Credit repair companies are businesses that charge exorbitant amounts of money to “clean up” a consumer’s credit record. Most charge fees ranging from $50 to as much as $2000. These companies claim they can erase bad credit and even make bankruptcies disappear from a credit record. Despite their claims, they cannot do anything you can’t do yourself for little or no cost under the terms of the FCRA. As we said before, that law gives you the right to have inaccurate or out-dated information deleted from your credit records as well as the right to have inaccuracies corrected. The FCRA says that most negative information in your credit record is legally reportable for up to ten years, although most credit bureaus voluntarily drop it after 7. Credit reporting companies do not have the authority to change the law for their clients.

These companies usually advertise impossible extravagant promises such as:

Wipe out bankruptcies and other negative information, no matter what your credit history is.

Little-known loopholes in the FCRA to rid your credit record of negative information.

They are affiliated with the federal government.

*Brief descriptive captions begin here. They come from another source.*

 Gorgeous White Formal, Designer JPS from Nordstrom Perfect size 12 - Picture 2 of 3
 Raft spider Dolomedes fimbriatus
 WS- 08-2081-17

File segregation, a technique used to create a new, problem free credit identity. This is flat out illegal. It is a federal crime to make false statement on a credit or loan application. It is also a federal crime to misrepresent your Social Security Number (SSN) and to obtain an employer identification number (FEIN) from the IRS under false pretenses.
Also if you use the mail or telephone to apply for credit and provide false information, you put yourself at risk of being accused of mail or wire fraud. In addition, in certain states ”file segregation” might constitute civil fraud.

The Use of Loopholes

The FCRA includes a section called “Procedure in Case of Disputed Accuracy.” Credit repair scams abuse the provision of the FCRA by inundating credit reporting agencies with numerous and repeated requests to delete negative information in a consumer’s record. The strategy is to overwhelm a reporting agency with so many requests that it cannot possibly verify all of them within a “reasonable period of time” hoping they will have to delete the info it was unable to verify. The credit reporting companies are now very wise to this tactic and exercise their right under the FCRA to dismiss the claims as frivolous.

Quick Fix Methods

Another popular scam used by these con artists is to create a new problem free credit identity for you. Their tactic here is to trick the credit bureau’s computer by the method of file segregation or skin shedding. This is usually done by the illegal process of getting a new FEIN from the IRS and using it rather than their SSN whenever they apply for credit.

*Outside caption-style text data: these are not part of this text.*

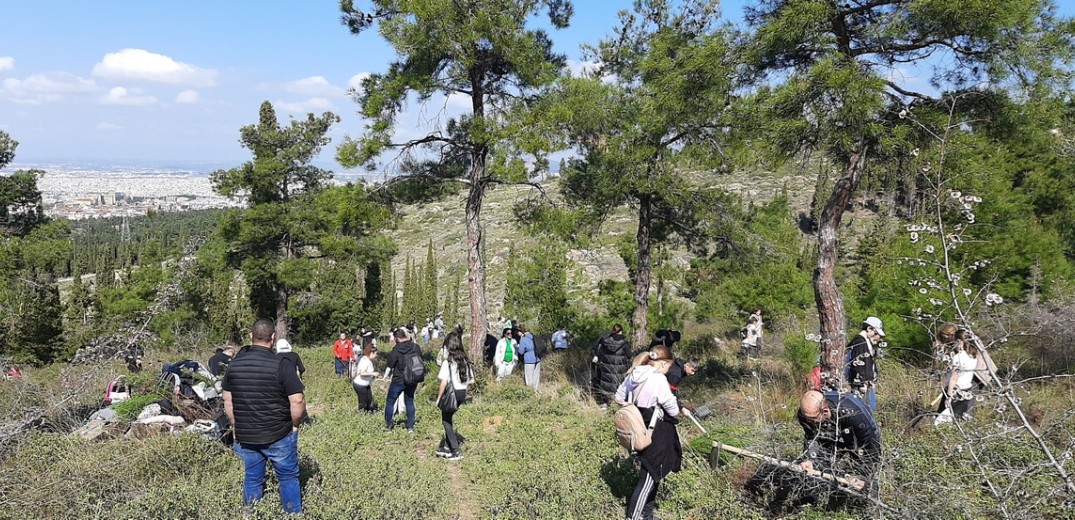 Θεσσαλονίκη: Δενδροφύτευση από μαθητές του αρμενικού σχολείου στο Σέιχ Σου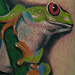 Tattoos - red eyed tree frog tattoo - 71137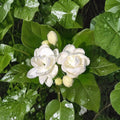 Jasmine Seeds 25 Pack – Fragrant White Flower Vine or Shrub for Indoor & Outdoor Growing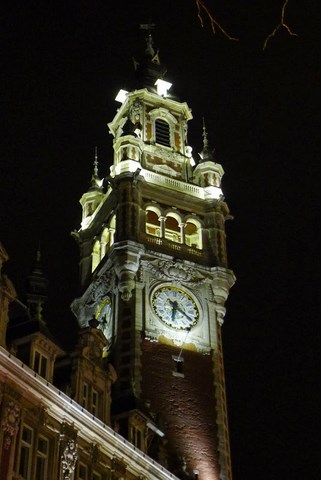 Lille Lumières Par Marie-Paule, 14-12-2013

Another quick fix technique is to send a check for partial payment of an account and to write on the check that in cashing it the creditor agrees to cease all collection activity and delete negative information related to the account from the consumer’s credit file. However creditors are not obligated to honor such terms of payment.

Quick fix repair methods are not recommended first and foremost because they are morally questionable and in some cases they are also illegal.

Closing Thoughts

In conclusion, let me say that a good credit report is worth all of the work aggravation and diligence that is required to get it and maintain it. It can help open doors of employment, aid in acquiring insurance, come through in times of economic hardship and generally make life a lot more pleasant. Used with intelligent and responsibility it can even reflect on the image of a person that personifies respectability, a deserved respectability. Don’t sell it or yourself short by being tempted by any of the sirens of quick fix. They will only lead to the sharp rocks of disappointment.